As you reproduce every line below, keep it exactly as written and leave out the images.

*** Dataset section ***

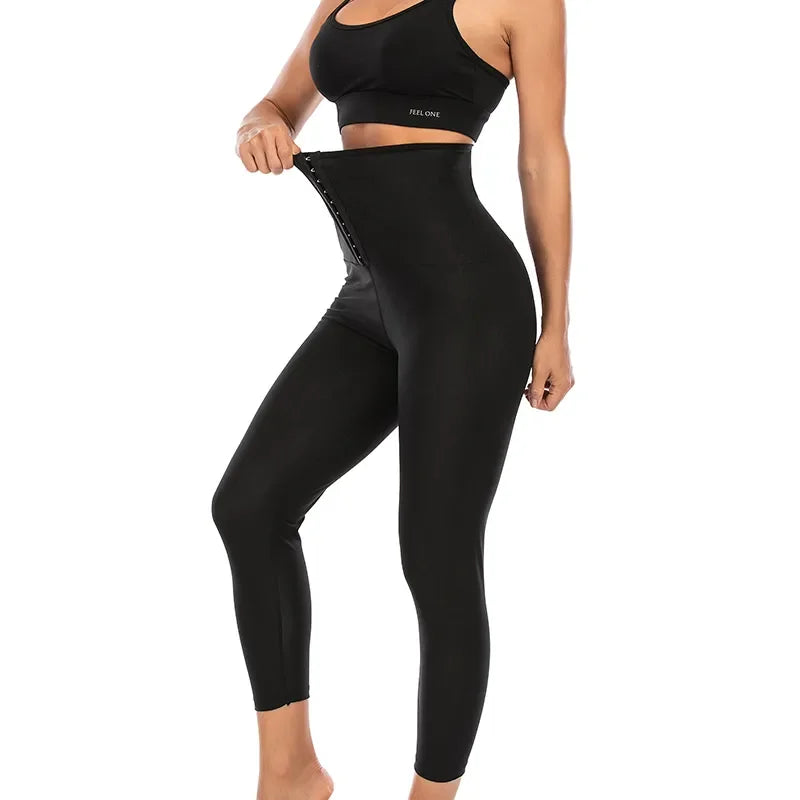 "SlimFit Sauna legging"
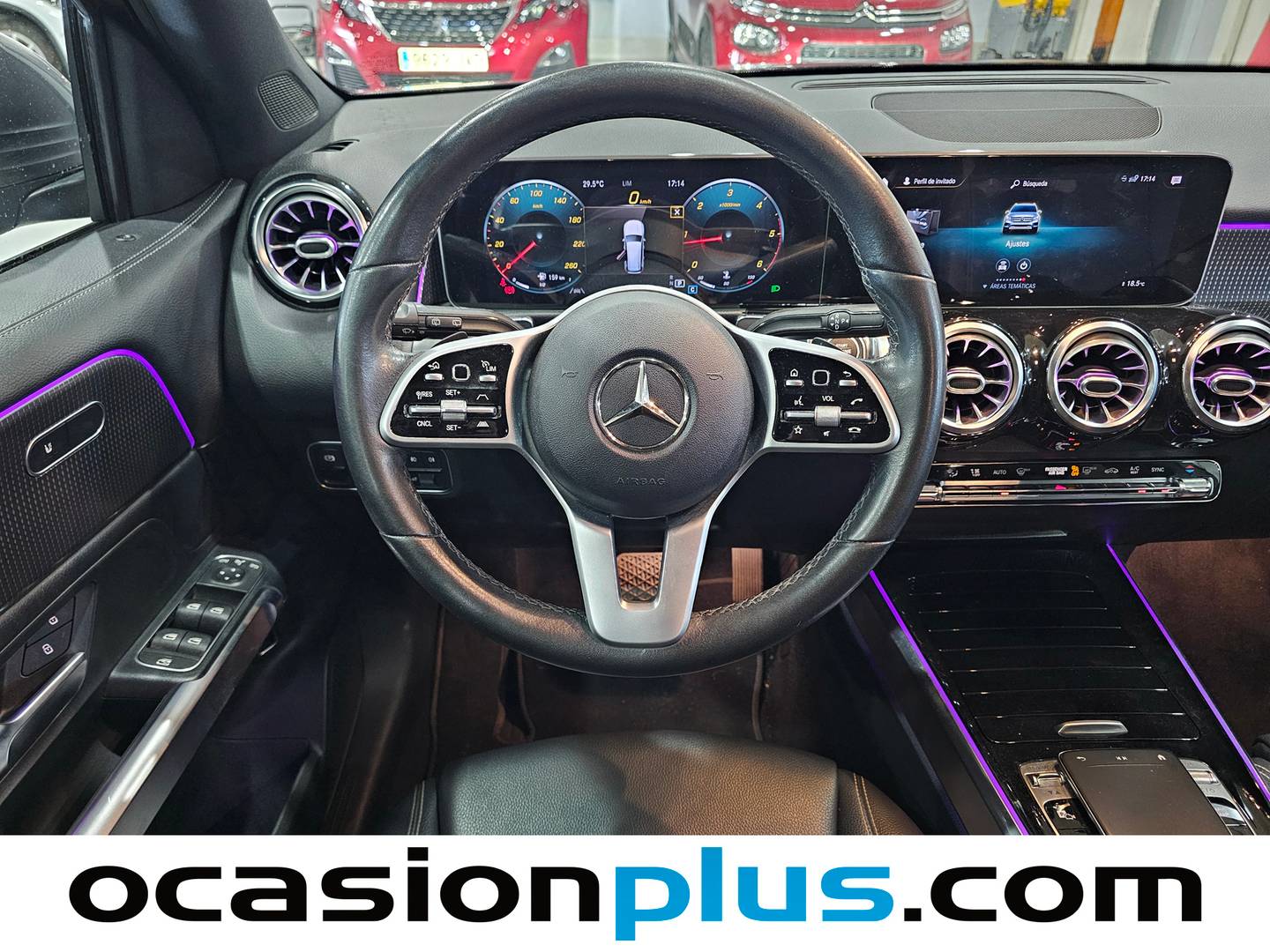 Mercedes GLB Mercedes GLB 200 d (150 CV) barato
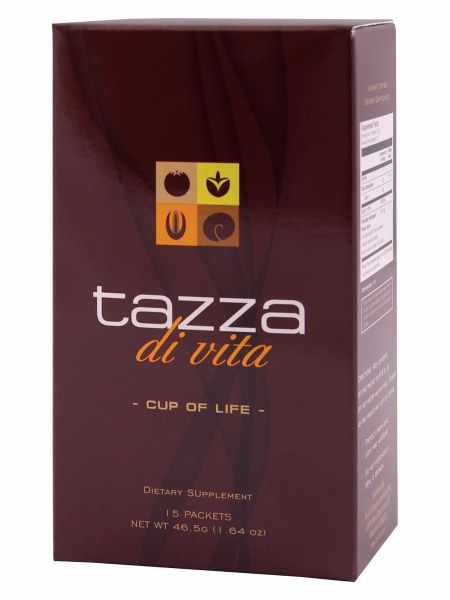 Tazza Di Vita Coffee - 1 box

***

● Task result:
 "SlimFit Sauna legging"
 Mercedes GLB Mercedes GLB 200 d (150 CV) barato
 Tazza Di Vita Coffee - 1 box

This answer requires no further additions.